The first time the digest monitor runs after enabling notifications on a host, it marks today as the starting point and posts nothing. Previously the next 15-minute tick would post a half-empty digest of whatever happened to be in the DB before notifications were configured. Your first real digest now lands the morning after your first full UTC day with notifications enabled.

Interactive prompts for budget, throttle, notifications

Running anycloud budget set, anycloud throttle set, or anycloud notifications enable slack with no arguments now prompts for the missing values (cap, window, webhook URL) when stdin is a terminal. Flag-only invocations behave the same as before, and piped or CI usage (no TTY, or CI=true) still exits with the previous error instead of hanging.

0.1.17

status now returns the full VM history (breaking)

/v1/status and anycloud status --json now return vms (every VM ever associated with the deployment, terminated rows included) instead of vmStatuses (active only). Each entry has a new endedAt field — null for live VMs, a millisecond timestamp for terminated ones. Live VMs still carry the container and rclone health-check fields; terminated rows are provisioning metadata only. This lets you read prebakedImageId, region, and cloudId for VMs after they've been cleaned up — previously those were only visible during the deployment's running window.

The human-formatted anycloud status output is unchanged by default (terminated VMs are hidden). Pass --verbose to see them, marked (terminated). The Python SDK's status_response.vm_statuses is now status_response.vms and includes terminated rows; SDK helpers like Job.exec() and Job.logs() filter to live VMs automatically.

If you have scripts that grep for vmStatuses in status --json output, rename to vms and add select(.endedAt == null) if you want the old "active VMs only" semantics.

Spend controls: anycloud throttle and anycloud budget

Two new commands cap spend by blocking new dispatches when usage exceeds a limit. Running jobs are never killed — only queued work pauses.

  • anycloud throttle set 20 — burn-rate cap ($/hr across in-flight VMs, plus the candidate). Set --agent-session to cap each agent run independently instead of account-wide.
  • anycloud budget set 100 --per day — calendar-window cap (day, week, or month). Same --agent-session toggle.
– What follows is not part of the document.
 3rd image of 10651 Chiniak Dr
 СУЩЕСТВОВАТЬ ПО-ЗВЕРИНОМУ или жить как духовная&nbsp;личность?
Blocked deployments stay queued with a reason shown inline in anycloud list and anycloud status, and auto-dispatch once running VMs end (throttle), the calendar resets (budget), or you raise the cap. See Spend Controls for the full surface.

anycloud db query / db schema for read-only DB inspection

Two new commands let you (or an agent) inspect the local API database without leaving the CLI. anycloud db query "<sql>" runs a read-only SELECT / WITH / EXPLAIN / PRAGMA — writes are refused at the SQLite engine level — and emits rows as JSON with --json. anycloud db schema [table] introspects tables, columns, foreign keys, and indexes; pair the JSON form with db query to answer "which deployments are stuck and why" without poking the SQLite file directly.
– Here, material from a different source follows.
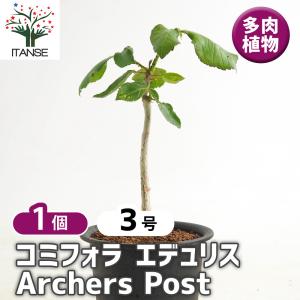 ☆特価☆コーデックス：パキポディウム ウィンゾリー 実生 M*塊根幅1.5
anycloud cost switches to real billed cost

anycloud cost <id> now shows the real cost pulled from your cloud provider's billing API once the bill settles (~24 hours after a deployment ends). Until then — or if your account doesn't have billing-read permissions — it falls back to the catalog estimate as before, marked (est.).

To enable this, the cloud credentials anycloud uses now need a small additional permission:

  • AWS: add ce:GetCostAndUsage to the IAM policy. Activate the anycloud_deployment cost-allocation tag once (Billing → Cost Allocation Tags → activate, or aws ce update-cost-allocation-tags-status --cost-allocation-tags-status TagKey=anycloud_deployment,Status=Active).
  • Azure: grant the service principal the built-in Cost Management Reader role on the subscription.
  • GCP: enable Cloud Billing BigQuery export with resource-level detail, grant the service account roles/bigquery.dataViewer on the billing dataset, and pass the dataset to anycloud setup gcp.
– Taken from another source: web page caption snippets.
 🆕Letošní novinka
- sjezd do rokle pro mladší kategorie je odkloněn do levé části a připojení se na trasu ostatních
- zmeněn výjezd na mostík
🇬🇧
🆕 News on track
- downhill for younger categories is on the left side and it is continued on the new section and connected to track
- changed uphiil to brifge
Without these, nothing breaks — anycloud cost keeps showing the estimate.

anycloud notifications enable slack — daily Slack digest of usage

The API container can now post a once-a-day summary to a Slack channel you choose, aggregated from your local deployment history (~/.anycloud/api.db) and sent directly from your machine to the webhook.

anycloud notifications enable slack --webhook https://hooks.slack.com/... posts a test message before saving so a typo'd webhook is caught immediately. The digest covers total spend, count by terminal state, preemption rate, median runtime, and active users. anycloud notifications status / test slack / disable slack round out the surface. Setup details in docs/guides/notifications.md.

0.1.16

MCP secrets tools

Three new MCP tools — secrets_list, secrets_create, secrets_delete — let an agent manage named secrets (env-var bundles used via secrets=[...] on submit). Mirrors the existing CLI secrets new/list/delete. secrets_delete accepts force=True to override the safeguard that blocks delete while non-terminal deployments still reference the secret.

CLI catalog introspection

Four new commands surface the same cloud catalog the Python SDK already exposed, so you can pick a region or VM type before you submit:

  • anycloud regions <provider> [--vm-type <type>] [--spot] — list available regions. With --vm-type, narrows to regions that offer that VM type, sorted cheapest first.
  • anycloud vm-types <provider> <region> [--accelerator <gpu>] — list VM types in a region, optionally filtered to ones with a specific accelerator.
  • anycloud gpus <provider> [--type <gpu>] — list available GPUs, or available counts for a specific GPU when --type is given.
  • anycloud pricing <provider> <vm-type> [--region <r>] [--spot] — on-demand or spot price per region.

All four accept --json for scripting and accept the provider name case-insensitively (aws, AWS, Aws all work).

anycloud bucket upload / download

New CLI commands stream files in and out of an S3, GCS, or Azure Blob bucket using a credential you've already registered with anycloud credentials new:

anycloud bucket upload my-bucket ./data.bin data/in.bin --credentials prod-aws
anycloud bucket download my-bucket data/out.bin ./out.bin --credentials prod-aws --region us-east-1

The same routes back the Python SDK's Bucket.upload() / Bucket.download(), so the CLI and SDK now go through one code path. As part of that switch, the Python SDK no longer needs cloud filesystem libraries — the [aws], [gcp], and [azure] extras have been removed from anycloud-sdk because s3fs, gcsfs, and adlfs are no longer used. Bucket I/O now requires the credential to be registered with anycloud credentials new (it could previously work with inline CloudConfig credentials passed to Client(...)); construct your client with Client(credentials="<name>") instead.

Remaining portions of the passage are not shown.